Compilers
Global
Programming Models Support
The current compiler support for the existing programming models for GPU offload is the following:
Programming Model | GCC | IBM XL C/C++ IBM XL Fortran | PGI Accelerator |
---|---|---|---|
CUDA | Supported | Supported | Supported |
CUDA Fortran | Supported | Supported | Supported |
OpenACC | Experimental | Not Supported | Supported |
OpenMP | >= Version 7 | >= Versions 13.1.6 / 15.1.6 | Not Supported |
Invocation
The invocation commands of the compilers are the following:
Compiler | C | C++ | Fortran 77 | Fortran 90 | Fortran 03 | Fortran 08 |
---|---|---|---|---|---|---|
GCC | gcc | g++ | gfortran | gfortran | gfortran | gfortran |
IBM XL | xlc_r | xlC_r | xlf_r | xlf90_r | xlf2003_r | xlf2008_r |
PGI | pgcc | pgCC | pgf90 | pgf90 | pgf90 | pgf90 |
For IBM XL C/C++ & Fortran, the commands specified above constitute the « thread-safe » variants, to be used when dealing with multithreaded applications.
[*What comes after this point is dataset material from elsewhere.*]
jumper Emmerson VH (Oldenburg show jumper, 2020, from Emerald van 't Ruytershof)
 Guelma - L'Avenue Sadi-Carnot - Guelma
It is recommended to exclusively use these variants, even in the case of non-multithreaded applications, though.
Compiler Options Overview
The table below provides the main equivalences between the options of the different compilers:
Purpose | GCC | IBM XL C/C++ IBM XL Fortran | PGI Accelerator |
---|---|---|---|
Architecture | -mcpu=power8 | -qarch=pwr8 | -m64 |
Disabled Optimization | -O0 | -O0 -qnoopt | -O0 |
Recommended Optimization | -O3 -mcpu=power8 -funroll-loops | -O3 [-qipa] [-qhot] | -fast -Mipa=fast,inline [-Msmartalloc] |
Profile-Guided Optimization (PGO) | -fprofile-generate/-fprofile-use | -qpdf1/-qpdf2 | -Mpfi/-Mpfo |
Inter-Procedural Optimization | -flto | -qipa | -Mipa |
Vectorization | -ftree-vectorize | -qsimd=auto | -Mvect |
Automatic Parallelization | -floop-parallelize-all | -qsmp=auto | -Mconcur |
OpenMP Support | -fopenmp | -qsmp=omp | -mp |
OpenACC Offload | N/A | N/A | -acc -Minfo=accel -ta:tesla:cc70 |
OpenMP Offload | N/A | -qoffload -qtgtarch=sm_60 | N/A |
Loop Optimization | -fpeel-loops -funroll-loops | -qhot | |
Debugging Symbols | -g | -g | -g |
Verbose | -V |
GPU Device Target Specification
The target device can be explicitely specified through the following options:
Target | GCC | IBM XL C/C++ IBM XL Fortran | PGI Accelerator |
---|---|---|---|
Tesla K80 | -qtgtarch=sm_37 | -ta:cc37 | |
Tesla P100 | -qtgtarch=sm_60 | -ta:cc60 | |
Tesla V100 | -qtgtarch=sm_70 | -ta:cc70 |
For IBM XL C/C++ & IBM XL Fortran, the former
-qxflag
option has been replaced by the-qtgtarch
option.
Compiler-Specific
IBM XL C/C++ & IBM XL Fortran
Optimization Levels
The IBM XL C/C++ and IBM XL Fortran compilers allow the following optimization levels:
Options | Purpose |
---|---|
-O0 -qnohot -qnosmp -qstrict | Disable any optimization |
-O2 | Limited optimization (safe) |
-O3 -qstrict | Medium optimization without modification of the code semantics |
-O3 | Medium optimization with potential modifications of the code semantics |
-O4 | Agressive optimization + Light Inter-Procedural Analysis (IPA) |
-O5 | Equivalent to -O4 level with deeper IPA |
Increasing the optimization level tends to lead to a potentially significant increase in compilation time. It is therefore recommended to keep limited optimization levels while porting an application onto the platform.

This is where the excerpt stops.